「阪大春秋」(1994年発刊)より

サイクリング部

銀輪とともに世界を翔る

Last modified: Thu Aug 5 14:47:19 JST 1999
「阪大春秋」顛末記 (升谷 保博, 1994)

創部の頃の思い出

幸田 盛堂(工・46年卒)

昭和四一年六月、工学部精密工学科一回生の有志により阪大サイクリング部 (阪大CC)が発足し、翌四二年にサイクリング部に改称し、明道館Box No.2 を強引に獲得して以来四半世紀、今や阪大の中で有数のクラブに成長したこと は、創設者の一人として、初代部長として、またOB会会長として無上の喜び である。

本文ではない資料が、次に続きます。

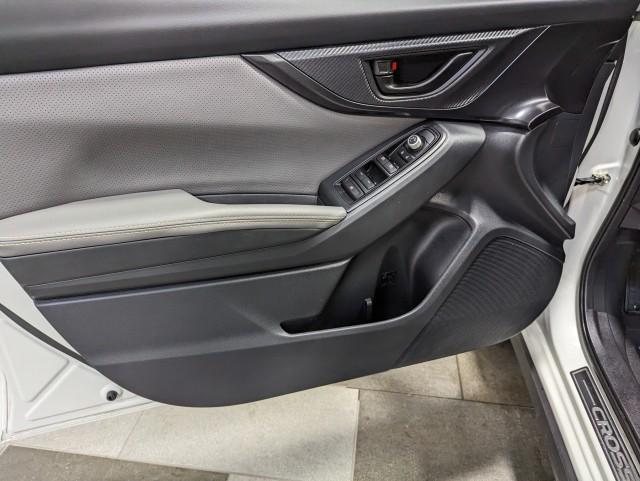 used 2022 Subaru Crosstrek car, priced at $27,498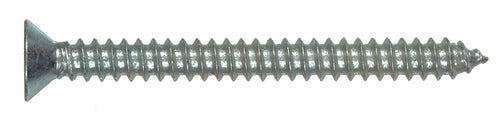 Load image into Gallery viewer, Hillman Group 490265 Flat Head Phillips Sheet Metal Screw 6x1.5in 10-Pack
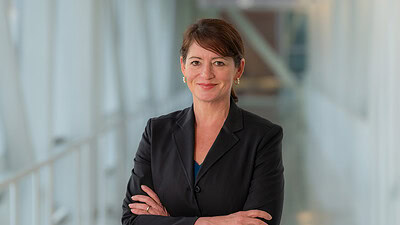 Pearl McElfish, Ph.D., director of the UAMS Institute for Community Health Innovation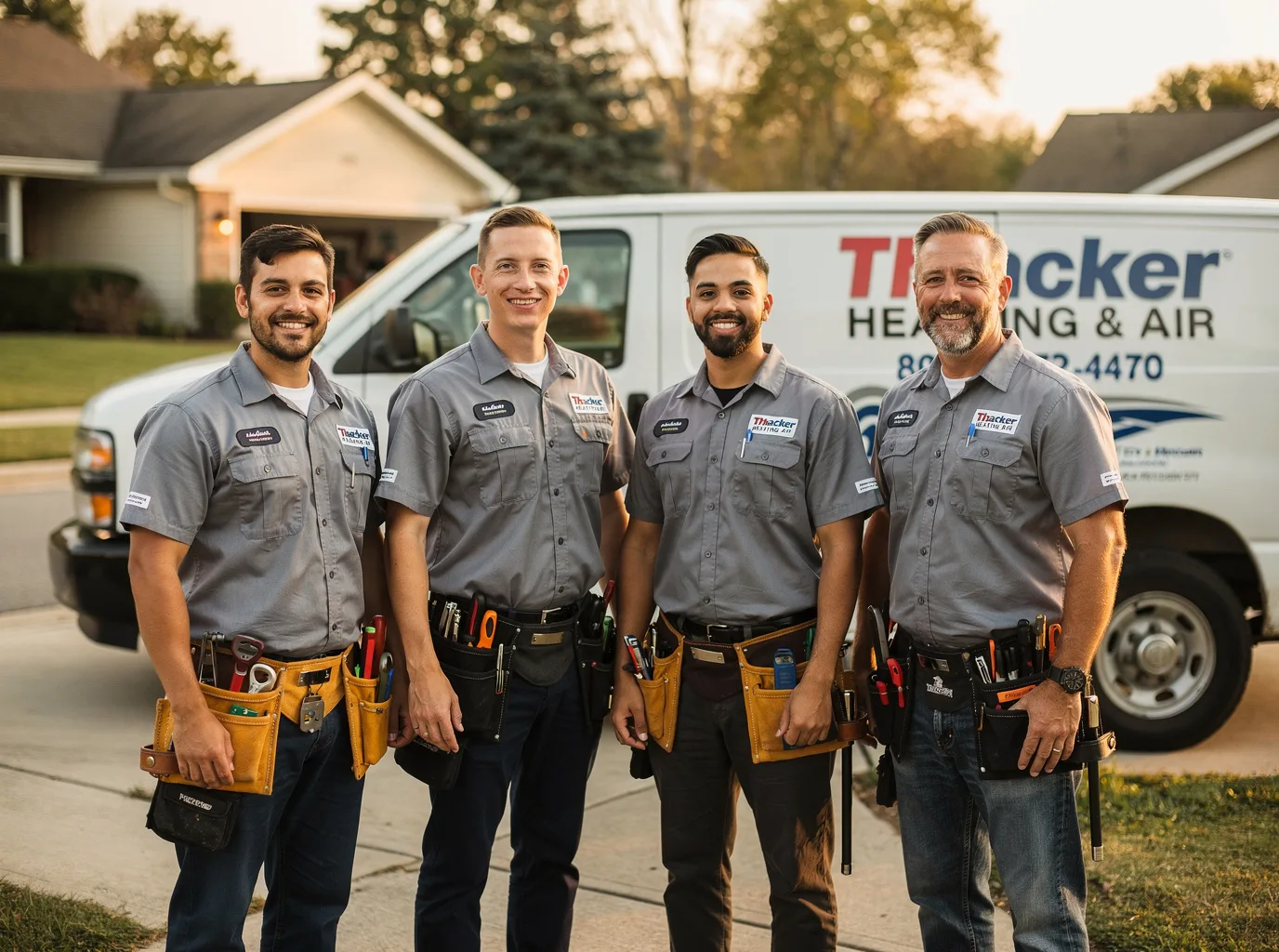 Ac Repair company in Miami, IN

部室がなく運動場片隅のカマボコ更衣室を無断借用、中国自動車道ができる前 の石橋キャンパス外周の昼のトレーニングなど、ないないづくしの中で精一杯、 それも若者の特権である怖いもの知らずのバイタリティでもって部創りに励ん だことが懐かしく思い出される。

毎年、女子を含めて二十名近くの新入部員が参画し、それも総合大学ならでは の多彩な人材が各学部から集まり、他のクラブにはない一種独特の空気が部室 に満ち溢れていた。合宿、公開サイクリング、西サ連(西日本大学サイクリン グ連盟)、合ハイ、ヒルクライム、ダンパ…各部員の自主参加尊重の精神の下 で、全てに対し全力投球で次々と実行に移された。

大学紛争の影響で、一時活動が低迷した時期もあったが、時代に即した学生の 意識の変化は止むをえないとして、阪大CCの自主参加尊重の精神が現在も綿々 と脈づいていることに、OBの一人として誇りに思っている。

創部二十周年を記念して昭和六一年にOB会が発足し、OB会員数も三五〇名 を越え、各企業・研究機関にて大いに活躍されている。こうしたバイタリティ の根源には阪大CCで培った精神力、峠を登る時の貪欲なまでの征服欲と相共 通したものが息づいているように思える。

二一世紀に向けて阪大CCのOBと家族の方々、そして現役部員の御健康とま すますの御活躍を期待している。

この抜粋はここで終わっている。